Work request ->
A faithful copy of the listing below is needed, with its pictures left out.

Dataset excerpt ->
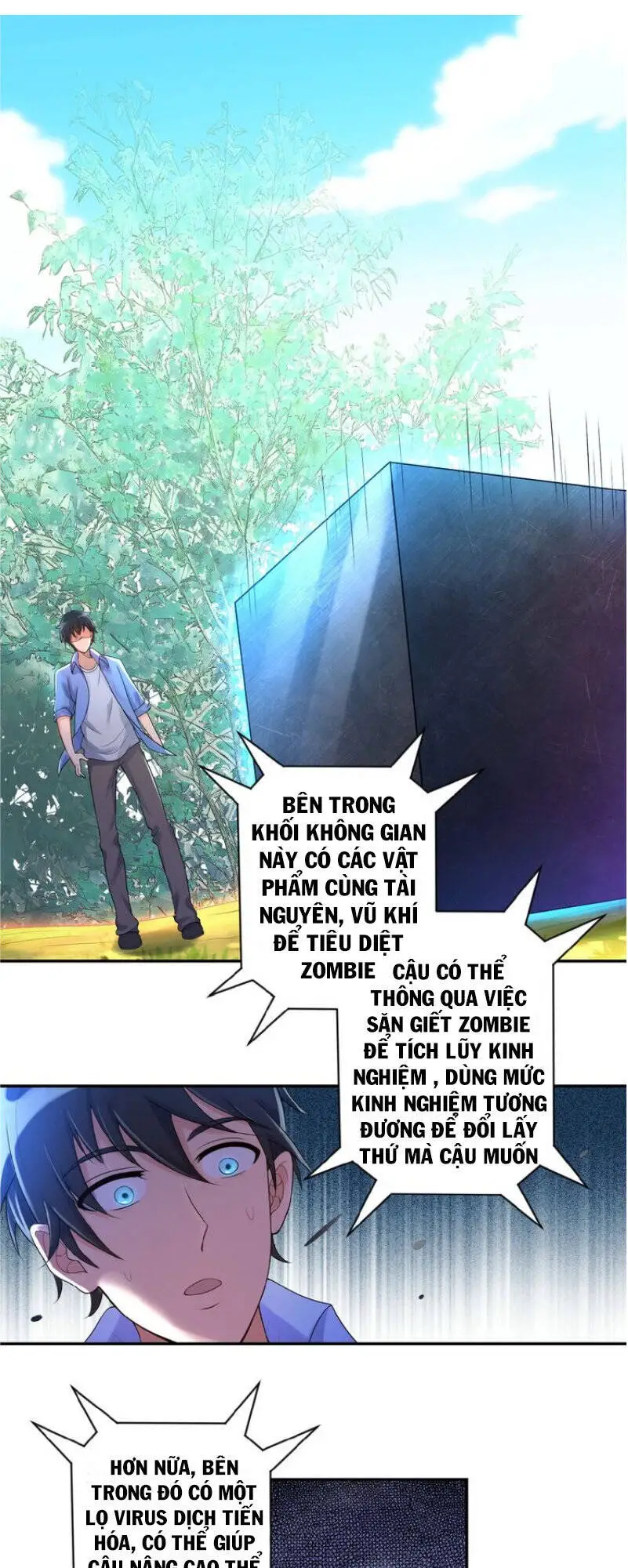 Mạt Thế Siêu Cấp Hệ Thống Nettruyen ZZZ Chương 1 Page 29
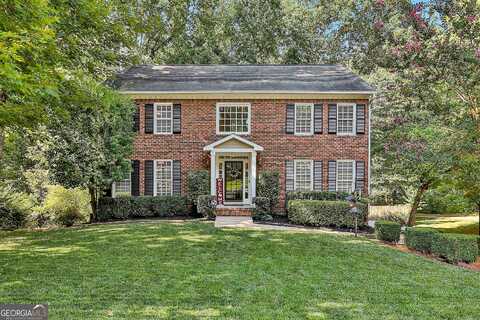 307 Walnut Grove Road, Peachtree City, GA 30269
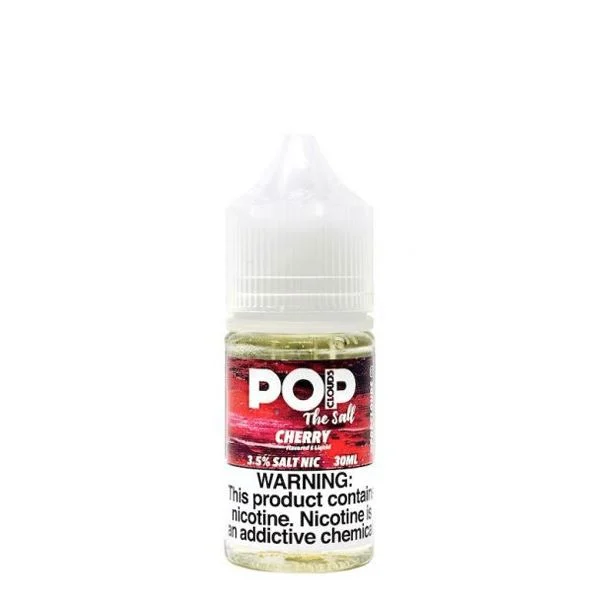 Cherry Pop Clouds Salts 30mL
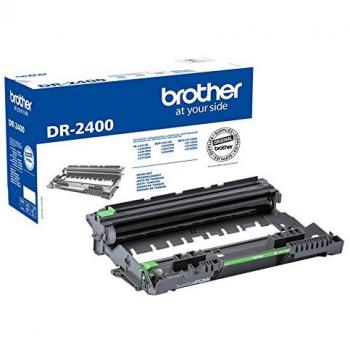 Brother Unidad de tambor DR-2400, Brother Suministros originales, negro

Solution ->
 Mạt Thế Siêu Cấp Hệ Thống Nettruyen ZZZ Chương 1 Page 29
 307 Walnut Grove Road, Peachtree City, GA 30269
 Cherry Pop Clouds Salts 30mL
 Brother Unidad de tambor DR-2400, Brother Suministros originales, negro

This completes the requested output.